Example Spark NLP deployment
In this example we'll create a SentenceDetectorDLModel
model that converts a paragraph of text into a list of sentences. We'll create the model in a Python notebook, save it, and then deploy it to REST and SQL endpoints.
Creating the model
First, install sparknlp
and pyspark
:
pip install sparknlp pyspark
Then start a local Spark session:
import sparknlp
sparknlp.start()
Once the Spark session has started, we'll create a SentenceDetectorDLModel
with a DocumentAssembler
:
from sparknlp.base import DocumentAssembler, PipelineModel, LightPipeline
from sparknlp.annotator import SentenceDetectorDLModel
document_assembler = DocumentAssembler().setInputCol("text").setOutputCol("document")

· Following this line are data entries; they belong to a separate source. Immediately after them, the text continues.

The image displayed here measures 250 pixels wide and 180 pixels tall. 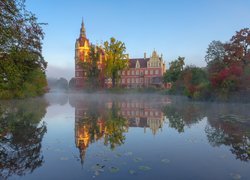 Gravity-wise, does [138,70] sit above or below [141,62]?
below

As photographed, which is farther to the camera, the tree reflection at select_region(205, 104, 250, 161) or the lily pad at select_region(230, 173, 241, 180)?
the tree reflection at select_region(205, 104, 250, 161)

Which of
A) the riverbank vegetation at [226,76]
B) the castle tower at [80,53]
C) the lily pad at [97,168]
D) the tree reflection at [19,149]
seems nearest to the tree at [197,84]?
Answer: the riverbank vegetation at [226,76]

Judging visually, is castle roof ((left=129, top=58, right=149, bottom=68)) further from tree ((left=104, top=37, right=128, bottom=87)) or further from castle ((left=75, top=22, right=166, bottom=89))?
tree ((left=104, top=37, right=128, bottom=87))

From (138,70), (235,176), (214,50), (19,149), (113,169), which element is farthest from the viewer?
(138,70)

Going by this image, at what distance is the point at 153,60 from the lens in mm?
92938

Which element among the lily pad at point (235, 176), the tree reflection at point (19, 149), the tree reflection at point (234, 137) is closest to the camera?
the lily pad at point (235, 176)

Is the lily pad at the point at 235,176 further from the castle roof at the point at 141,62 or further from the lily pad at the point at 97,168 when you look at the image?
the castle roof at the point at 141,62

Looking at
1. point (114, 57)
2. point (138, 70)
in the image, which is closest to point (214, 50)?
point (114, 57)

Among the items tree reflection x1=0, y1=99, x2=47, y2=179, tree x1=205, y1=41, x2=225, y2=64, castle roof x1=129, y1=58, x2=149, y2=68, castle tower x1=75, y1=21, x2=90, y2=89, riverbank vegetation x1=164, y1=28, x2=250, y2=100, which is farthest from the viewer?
castle roof x1=129, y1=58, x2=149, y2=68

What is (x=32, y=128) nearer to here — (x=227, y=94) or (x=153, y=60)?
(x=227, y=94)

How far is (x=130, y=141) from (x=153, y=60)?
3300 inches

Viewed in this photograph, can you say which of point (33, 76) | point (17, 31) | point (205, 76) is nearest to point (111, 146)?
point (17, 31)

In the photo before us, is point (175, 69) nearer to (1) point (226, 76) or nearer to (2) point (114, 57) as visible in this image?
(2) point (114, 57)

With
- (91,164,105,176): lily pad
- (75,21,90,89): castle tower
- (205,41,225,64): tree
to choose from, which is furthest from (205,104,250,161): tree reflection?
(75,21,90,89): castle tower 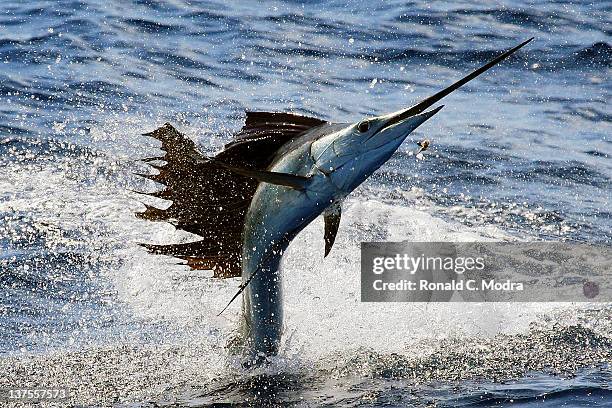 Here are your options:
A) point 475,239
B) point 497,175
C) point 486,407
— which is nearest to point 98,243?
point 475,239

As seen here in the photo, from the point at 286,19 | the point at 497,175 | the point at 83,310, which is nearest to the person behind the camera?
the point at 83,310

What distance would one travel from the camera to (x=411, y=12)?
14.3 m

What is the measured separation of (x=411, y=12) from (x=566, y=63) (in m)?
2.49

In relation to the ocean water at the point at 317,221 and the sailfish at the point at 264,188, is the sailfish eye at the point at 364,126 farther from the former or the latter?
the ocean water at the point at 317,221

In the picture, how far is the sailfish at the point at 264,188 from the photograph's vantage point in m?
3.32

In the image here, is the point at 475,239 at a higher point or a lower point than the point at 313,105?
lower

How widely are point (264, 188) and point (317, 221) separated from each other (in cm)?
315

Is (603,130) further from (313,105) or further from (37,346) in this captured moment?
(37,346)

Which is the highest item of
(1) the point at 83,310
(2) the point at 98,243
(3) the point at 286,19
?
(3) the point at 286,19

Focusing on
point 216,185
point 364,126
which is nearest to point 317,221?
point 216,185

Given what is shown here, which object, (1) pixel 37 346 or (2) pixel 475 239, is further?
(2) pixel 475 239

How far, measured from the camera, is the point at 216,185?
12.8 ft

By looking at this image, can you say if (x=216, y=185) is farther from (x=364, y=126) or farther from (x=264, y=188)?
(x=364, y=126)

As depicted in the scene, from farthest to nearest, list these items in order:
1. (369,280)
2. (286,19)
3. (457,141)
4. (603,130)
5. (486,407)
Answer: (286,19), (603,130), (457,141), (369,280), (486,407) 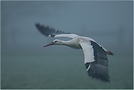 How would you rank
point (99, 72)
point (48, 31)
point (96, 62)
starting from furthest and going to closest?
point (48, 31), point (96, 62), point (99, 72)

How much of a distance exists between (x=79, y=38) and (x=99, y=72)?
62 centimetres

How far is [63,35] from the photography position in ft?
8.05

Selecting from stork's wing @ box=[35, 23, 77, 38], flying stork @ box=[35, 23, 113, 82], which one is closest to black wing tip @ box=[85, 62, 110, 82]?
flying stork @ box=[35, 23, 113, 82]

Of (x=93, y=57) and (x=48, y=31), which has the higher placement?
(x=48, y=31)

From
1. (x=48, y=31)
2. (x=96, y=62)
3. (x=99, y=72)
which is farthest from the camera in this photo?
(x=48, y=31)

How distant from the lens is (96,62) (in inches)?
69.7

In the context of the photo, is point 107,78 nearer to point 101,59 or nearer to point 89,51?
point 101,59

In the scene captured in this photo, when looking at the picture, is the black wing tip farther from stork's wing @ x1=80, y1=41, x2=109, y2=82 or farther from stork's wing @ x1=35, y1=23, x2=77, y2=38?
stork's wing @ x1=35, y1=23, x2=77, y2=38

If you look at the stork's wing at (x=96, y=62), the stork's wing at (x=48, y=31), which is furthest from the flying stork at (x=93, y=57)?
the stork's wing at (x=48, y=31)

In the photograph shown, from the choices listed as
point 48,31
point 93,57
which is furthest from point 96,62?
point 48,31

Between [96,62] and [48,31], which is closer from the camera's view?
[96,62]

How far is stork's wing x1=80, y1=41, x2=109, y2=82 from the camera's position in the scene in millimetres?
1648

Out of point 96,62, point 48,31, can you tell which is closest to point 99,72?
point 96,62

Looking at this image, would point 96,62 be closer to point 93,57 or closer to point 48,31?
point 93,57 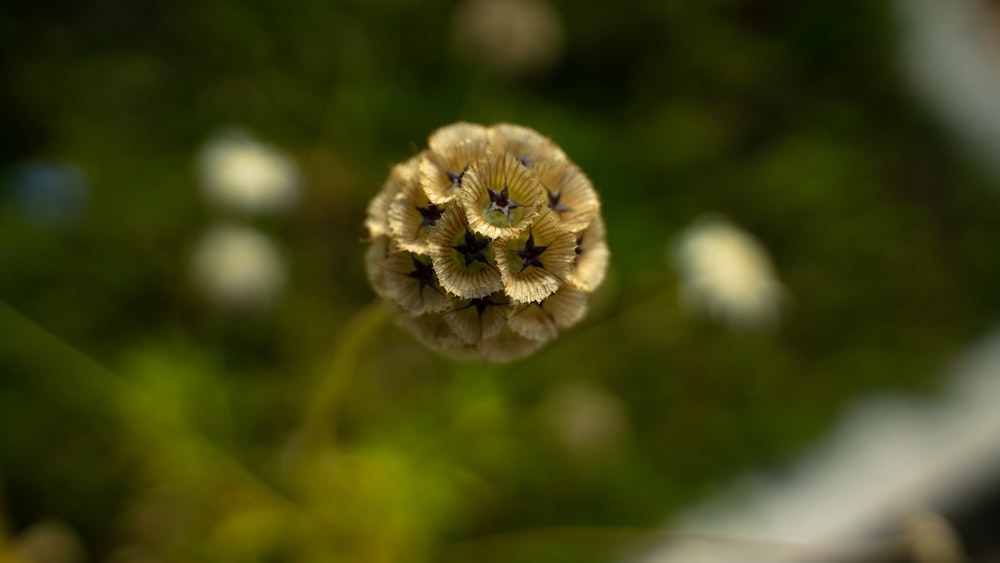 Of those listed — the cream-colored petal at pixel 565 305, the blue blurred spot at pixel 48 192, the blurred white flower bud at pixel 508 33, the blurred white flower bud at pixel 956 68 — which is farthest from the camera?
the blurred white flower bud at pixel 956 68

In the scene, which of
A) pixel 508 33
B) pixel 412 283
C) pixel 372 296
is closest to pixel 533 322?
pixel 412 283

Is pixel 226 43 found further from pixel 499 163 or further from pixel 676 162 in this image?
pixel 499 163

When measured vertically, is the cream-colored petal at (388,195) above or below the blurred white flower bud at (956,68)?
below

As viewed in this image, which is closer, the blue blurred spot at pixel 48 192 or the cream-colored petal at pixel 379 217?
the cream-colored petal at pixel 379 217

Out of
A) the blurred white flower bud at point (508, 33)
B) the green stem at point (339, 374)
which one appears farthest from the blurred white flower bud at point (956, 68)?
the green stem at point (339, 374)

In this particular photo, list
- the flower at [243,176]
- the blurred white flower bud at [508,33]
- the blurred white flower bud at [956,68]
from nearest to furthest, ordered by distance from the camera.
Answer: the flower at [243,176]
the blurred white flower bud at [508,33]
the blurred white flower bud at [956,68]

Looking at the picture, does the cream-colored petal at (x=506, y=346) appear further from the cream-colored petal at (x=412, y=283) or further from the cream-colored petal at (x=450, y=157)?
the cream-colored petal at (x=450, y=157)

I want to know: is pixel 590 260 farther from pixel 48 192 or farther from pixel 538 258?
pixel 48 192

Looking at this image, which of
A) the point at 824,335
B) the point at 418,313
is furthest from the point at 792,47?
the point at 418,313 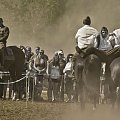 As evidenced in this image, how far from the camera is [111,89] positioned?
15.5 m

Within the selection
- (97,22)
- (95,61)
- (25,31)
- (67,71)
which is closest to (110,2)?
(97,22)

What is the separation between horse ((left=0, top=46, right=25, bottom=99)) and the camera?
22016 millimetres

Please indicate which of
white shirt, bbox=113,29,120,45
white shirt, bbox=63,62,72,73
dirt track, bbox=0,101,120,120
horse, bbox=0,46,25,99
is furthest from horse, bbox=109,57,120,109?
horse, bbox=0,46,25,99

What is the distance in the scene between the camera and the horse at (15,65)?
72.2ft

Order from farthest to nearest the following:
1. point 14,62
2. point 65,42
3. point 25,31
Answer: point 25,31 → point 65,42 → point 14,62

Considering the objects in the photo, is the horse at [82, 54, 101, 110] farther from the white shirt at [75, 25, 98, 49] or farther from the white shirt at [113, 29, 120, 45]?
the white shirt at [113, 29, 120, 45]

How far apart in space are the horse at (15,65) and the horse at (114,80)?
7.25m

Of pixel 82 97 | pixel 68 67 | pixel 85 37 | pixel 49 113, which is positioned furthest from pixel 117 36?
pixel 68 67

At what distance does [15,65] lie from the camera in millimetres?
22469

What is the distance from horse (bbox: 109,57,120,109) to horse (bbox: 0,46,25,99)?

sentence_detector = SentenceDetectorDLModel.pretrained("sentence_detector_dl", "en").setInputCols(["document"]).setOutputCol("sentences")
sd_pipeline_model = PipelineModel(stages=[document_assembler, sentence_detector])

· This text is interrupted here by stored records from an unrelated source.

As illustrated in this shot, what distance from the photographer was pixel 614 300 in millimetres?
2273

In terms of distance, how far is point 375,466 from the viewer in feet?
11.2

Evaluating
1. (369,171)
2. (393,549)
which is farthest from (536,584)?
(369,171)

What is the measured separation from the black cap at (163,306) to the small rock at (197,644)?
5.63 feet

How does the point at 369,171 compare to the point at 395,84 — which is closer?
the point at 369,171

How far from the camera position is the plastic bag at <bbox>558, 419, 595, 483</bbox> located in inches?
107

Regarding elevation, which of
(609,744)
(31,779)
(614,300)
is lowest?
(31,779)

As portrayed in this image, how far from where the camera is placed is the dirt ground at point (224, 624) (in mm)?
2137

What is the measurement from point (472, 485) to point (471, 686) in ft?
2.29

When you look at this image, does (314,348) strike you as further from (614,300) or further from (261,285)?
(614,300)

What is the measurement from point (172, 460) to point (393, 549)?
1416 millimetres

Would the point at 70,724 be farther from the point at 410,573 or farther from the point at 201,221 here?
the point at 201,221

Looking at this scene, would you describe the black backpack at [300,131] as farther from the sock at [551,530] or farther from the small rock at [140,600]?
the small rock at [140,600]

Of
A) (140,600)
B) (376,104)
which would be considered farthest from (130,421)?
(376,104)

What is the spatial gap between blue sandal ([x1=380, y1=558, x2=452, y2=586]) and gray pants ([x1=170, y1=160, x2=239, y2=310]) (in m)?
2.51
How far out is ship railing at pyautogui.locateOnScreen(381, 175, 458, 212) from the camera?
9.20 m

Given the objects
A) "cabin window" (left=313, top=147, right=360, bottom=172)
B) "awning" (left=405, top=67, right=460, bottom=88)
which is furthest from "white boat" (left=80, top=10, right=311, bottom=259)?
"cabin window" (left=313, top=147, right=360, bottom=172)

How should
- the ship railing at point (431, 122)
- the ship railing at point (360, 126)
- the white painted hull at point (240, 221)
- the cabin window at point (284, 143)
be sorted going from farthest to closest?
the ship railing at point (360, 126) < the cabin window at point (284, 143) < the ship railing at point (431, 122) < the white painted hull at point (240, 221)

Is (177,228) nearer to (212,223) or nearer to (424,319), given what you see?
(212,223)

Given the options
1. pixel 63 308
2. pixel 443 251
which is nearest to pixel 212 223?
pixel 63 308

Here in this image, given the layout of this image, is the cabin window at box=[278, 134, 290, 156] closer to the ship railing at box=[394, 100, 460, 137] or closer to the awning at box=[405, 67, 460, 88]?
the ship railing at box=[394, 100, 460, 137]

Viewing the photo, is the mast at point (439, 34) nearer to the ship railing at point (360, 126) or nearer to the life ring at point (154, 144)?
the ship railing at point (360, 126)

We've created the model, sd_pipeline_model
, and can run a quick test to see that it is able to split paragraphs as expected:
example_text = """
Jimmy is unpredictable.he acts like a dog!

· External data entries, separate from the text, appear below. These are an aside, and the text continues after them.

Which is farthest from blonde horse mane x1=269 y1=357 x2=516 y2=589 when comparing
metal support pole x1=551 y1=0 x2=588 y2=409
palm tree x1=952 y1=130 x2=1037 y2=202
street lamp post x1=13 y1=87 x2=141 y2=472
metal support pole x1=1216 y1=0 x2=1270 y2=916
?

Sometimes he barks .Jimmy barks loudly
Reason: Jimmy is a dog :)
"""
LightPipeline(sd_pipeline_model).fullAnnotate(example_text)[0]["sentences"]
Success! The model returns several Annotation
objects representing the parsed sentences:
[Annotation(document, 5, 27, Jimmy is unpredictable., {'sentence': '0'}, []),
Annotation(document, 28, 46, he acts like a dog!, {'sentence': '1'}, []),
Annotation(document, 52, 71, Sometimes he barks ., {'sentence': '2'}, []),
Annotation(document, 72, 88, Jimmy barks loudly, {'sentence': '3'}, []),
Annotation(document, 94, 118, Reason: Jimmy is a dog :), {'sentence': '4'}, [])]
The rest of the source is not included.